*Exercise goal*.
Word for word, restate the listing; omit the pictures.

*Given data*.
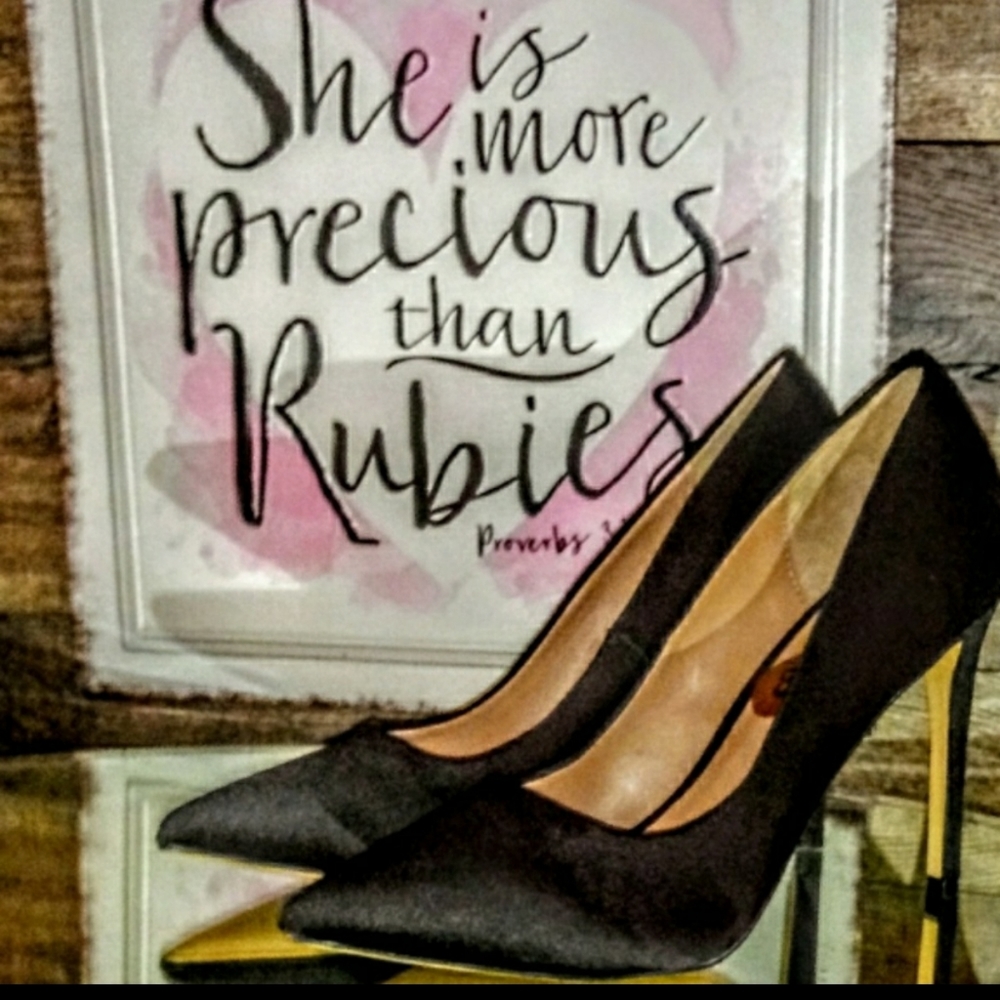 Call It Spring Shoe Size 8 Satin Point Toe EUC - Picture 6 of 10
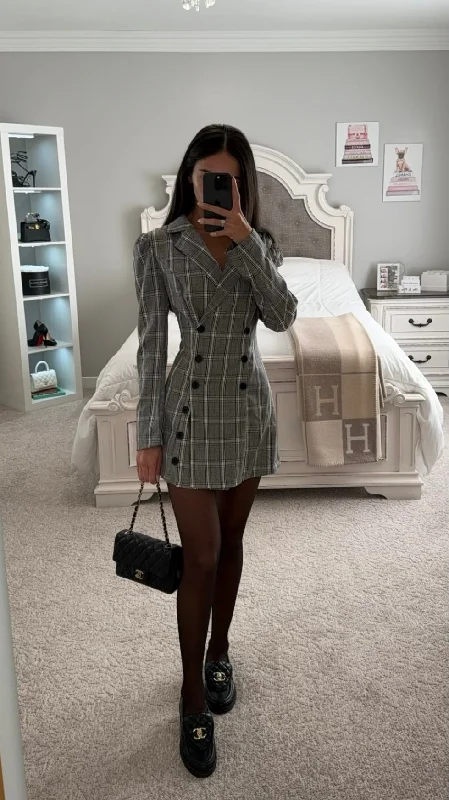 Discount Days PLAID GREY BLAZER DRESS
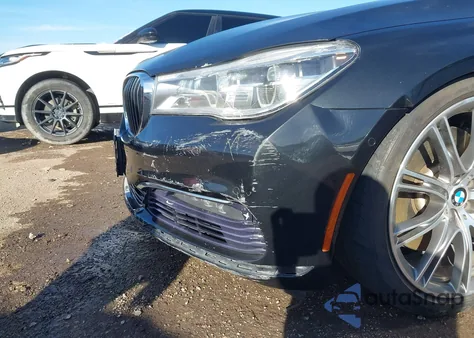 2017 BMW 750I из США, поврежденный, VIN WBA7F0C50HGM21415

*Finished exercise*.
 Call It Spring Shoe Size 8 Satin Point Toe EUC - Picture 6 of 10
 Discount Days PLAID GREY BLAZER DRESS
 2017 BMW 750I из США, поврежденный, VIN WBA7F0C50HGM21415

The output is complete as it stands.